Mi fa piacere che tu faccia questa osservazione. Ho un approccio molto istintivo, poco razionale, scrivo senza domandarmi il perché stia dicendo proprio quella cosa lì, intuisco che sto scrivendo cose forti dal punto di vista comunicativo e tanto mi basta. Sono parole che arrivano in modo quasi inconscio, si fanno guidare dalla musica, c’è un rapporto di sostegno reciproco. Per me è faticoso scrivere i testi, soprattutto finirli: mi riesce bene produrre immagini durante la fase creativa ma poi chiuderli mi ha sempre richiesto parecchio impegno perché ogni riga deve avere un certo tipo di peso, non ci si può accontentare di una parte che si sente più debole, ecc. Il bello di scrivere testi è che è una cosa che si fa fatica ad imparare: ognuno ha il suo modo che è incedibile, non si può insegnare.

 

“B”, altro pezzo che funziona molto bene, è anche l’unico in cui è presente un featuring… com’è nata questa tua collaborazione con Enula?

Non ci conoscevamo, mi è stata proposta dalla casa discografica. È stata l’opportunità di intraprendere una sfida: lei è molto brava ma viene dal mondo dei Talent, da cui ho sempre cercato di tenermi lontano. Mi piaceva però l’idea, che poi è quello che dicevo all’inizio, di ingurgitare tutto quello che c’è intorno e farne uscire una versione tua che poi è un mix migliore di tutte queste esperienze di vita. Nelle quali, si potrebbe dire, c’è anche il Talent perché nonostante io non sia certo un amante del genere, li ho sempre seguiti, in modo diretto o in diretto.

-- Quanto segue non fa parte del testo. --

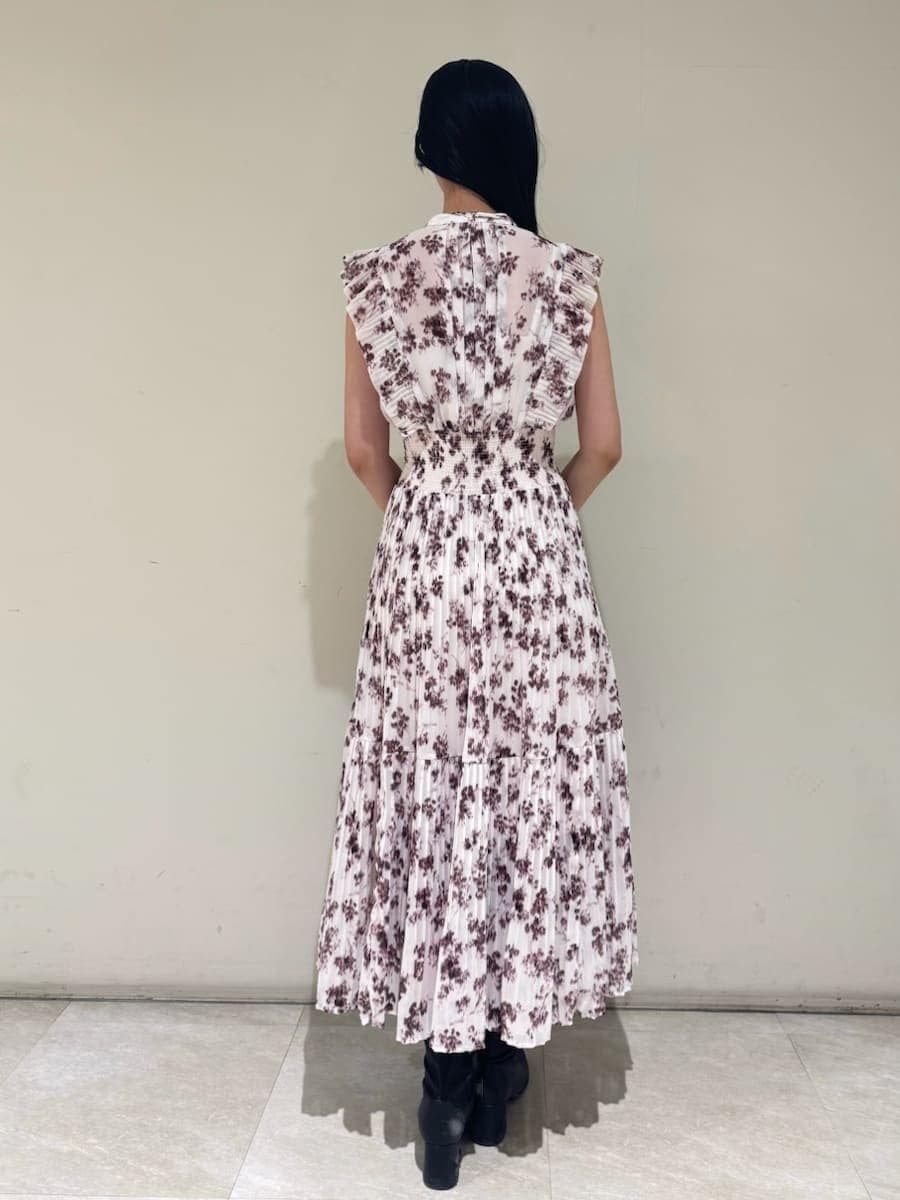 ピンク系のワンピース、ブルー系のテーラードジャケット、ブラック系のハンドバッグを着用したレディースの冬コーディネートの4枚目の写真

Certo, il primo motivo per cui ho accettato è perché la ritengo molto brava; ci ho però visto anche una possibilità per me di crescita e di apertura mentale, oltre che il far coesistere due mondi che possono apparire lontani ma che si possono avvicinare se chi si adopera in tal senso lo realizza con un senso. In questo senso è stata una bella soddisfazione, sono molto contento del risultato finale.

 

Parlando dei live, c’è qualcosa in programma? Ti ho visto a settembre al Mi Manchi Ancora ed eravate in due con tante basi, mi è sembrata una cosa ancora provvisoria…

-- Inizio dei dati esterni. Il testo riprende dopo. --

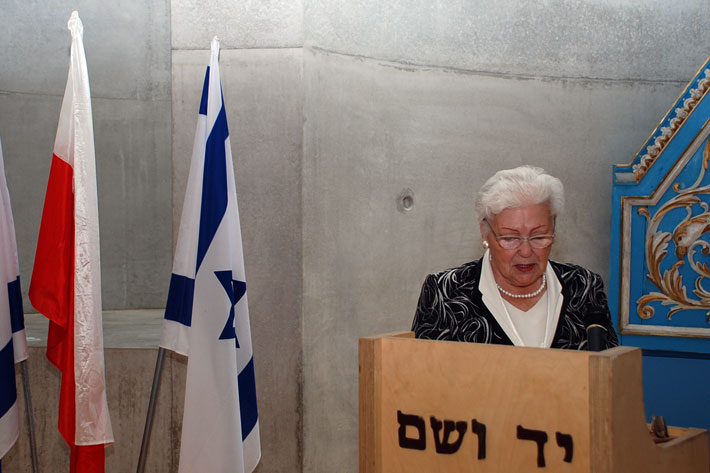 Janina Woloszczuk, daughter of Wojciech Woloszczuk, speaks at the ceremony in honor of her father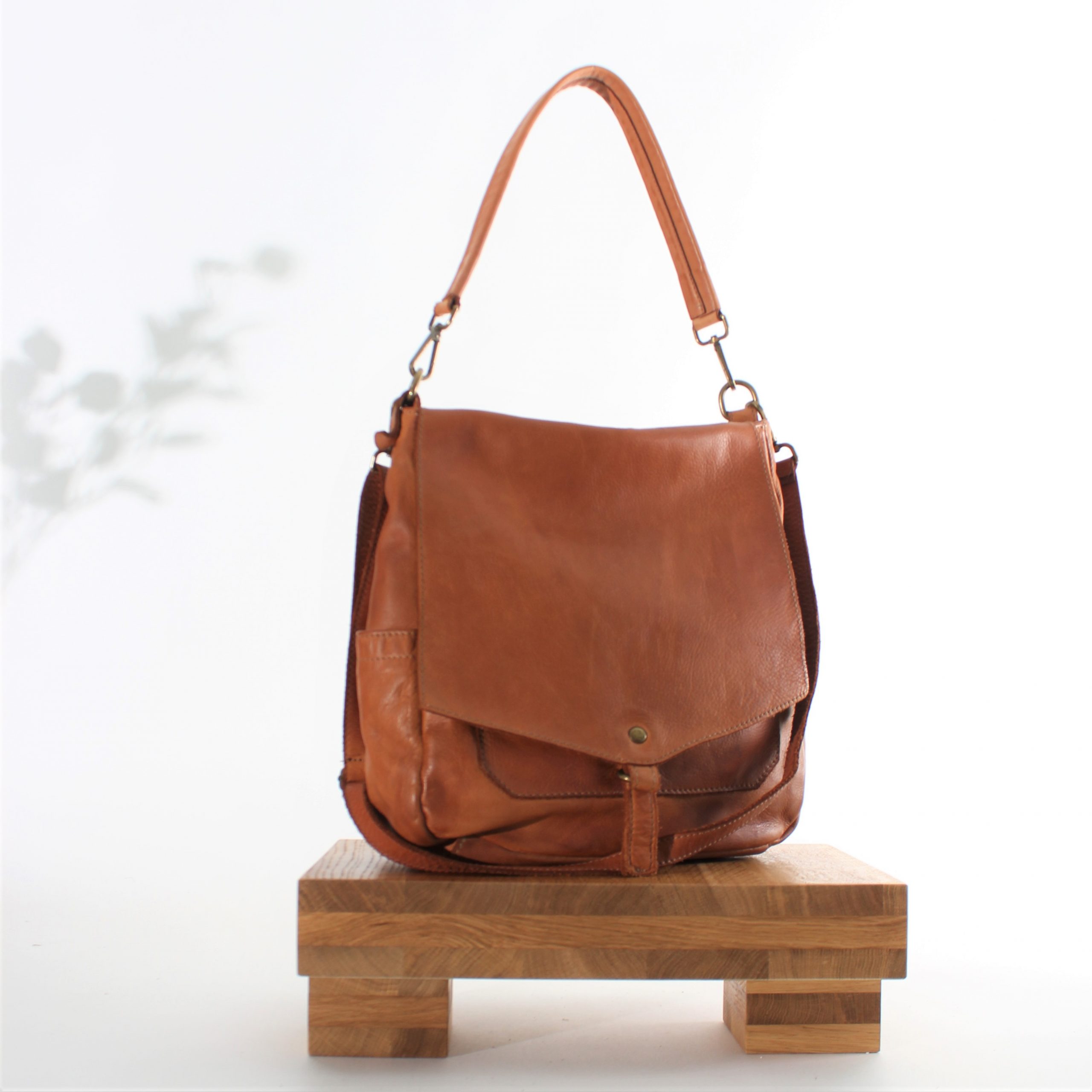 Leather handbag for women Elbe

Sì, quelli erano concerti in formazione ridotta, il mio obiettivo è di portare uno spettacolo con almeno tre persone sul palco, un basso vero e una batteria vera, aggiungere atmosfera e una performance musicale che faccia vivere un’esperienza, che dia quel flavour da concerto bello, per lo meno quello che per me è un concerto bello. Ho in mente una cosa tipo I Cani all’inizio, periodo “Glamour”, partendo quindi da un disco elettronico, con batterie campionate ma poi farlo vivere live, nella dimensione che si merita il live, con delle persone che suonano, ecco. L’idea è quella di cercare di suonare il più possibile nei prossimi mesi, appena si potrà.